▶ Assignment
Exactly as written, print every line of the listing below and omit its pictures.

▶ Exercise data
• • • • • • •
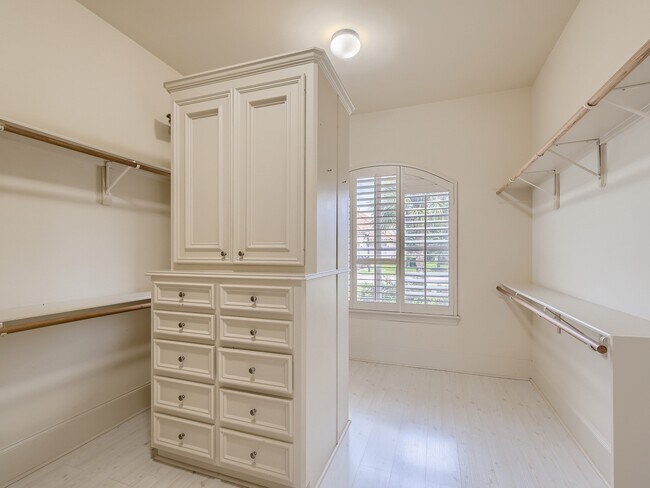 Building Photo - 19027 Crescent Bay Dr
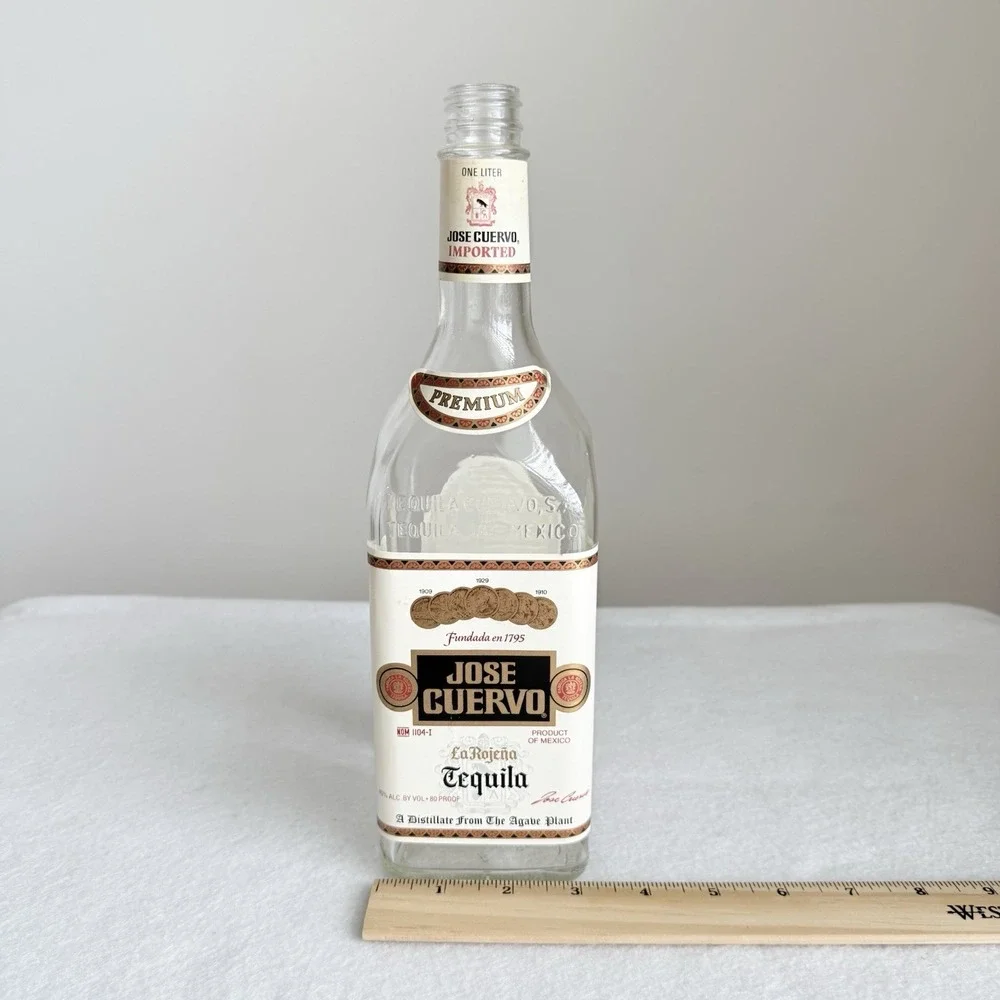 Jose Cuervo Imported Premium Tequila Empty 1 Liter Glass Bottle Mexico Bar Decor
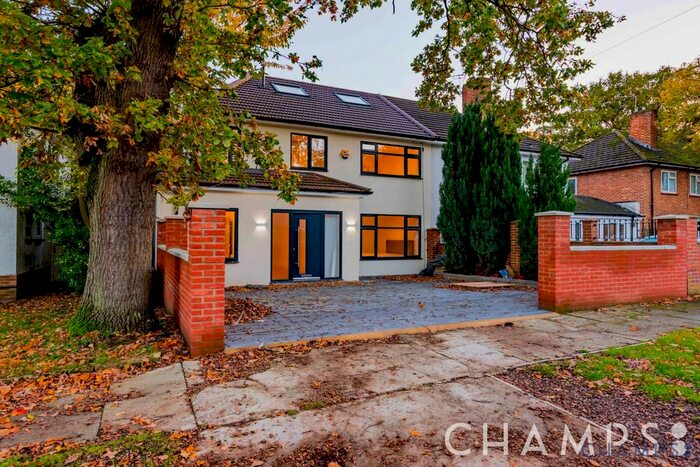 5 Bedroom Country House To Rent In Keswick Avenue, London, SW15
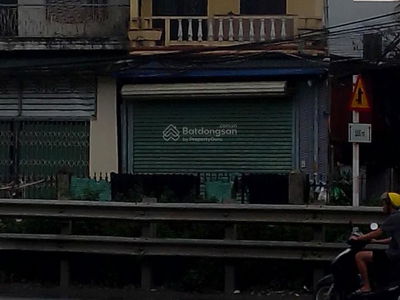 Gehäuse In Ha GJong, Vietnam Gehäuse In Ha GJong, Vietnam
• • • • • • •
▶ Reply
 Building Photo - 19027 Crescent Bay Dr
 Jose Cuervo Imported Premium Tequila Empty 1 Liter Glass Bottle Mexico Bar Decor
 5 Bedroom Country House To Rent In Keswick Avenue, London, SW15
 Gehäuse In Ha GJong, Vietnam Gehäuse In Ha GJong, Vietnam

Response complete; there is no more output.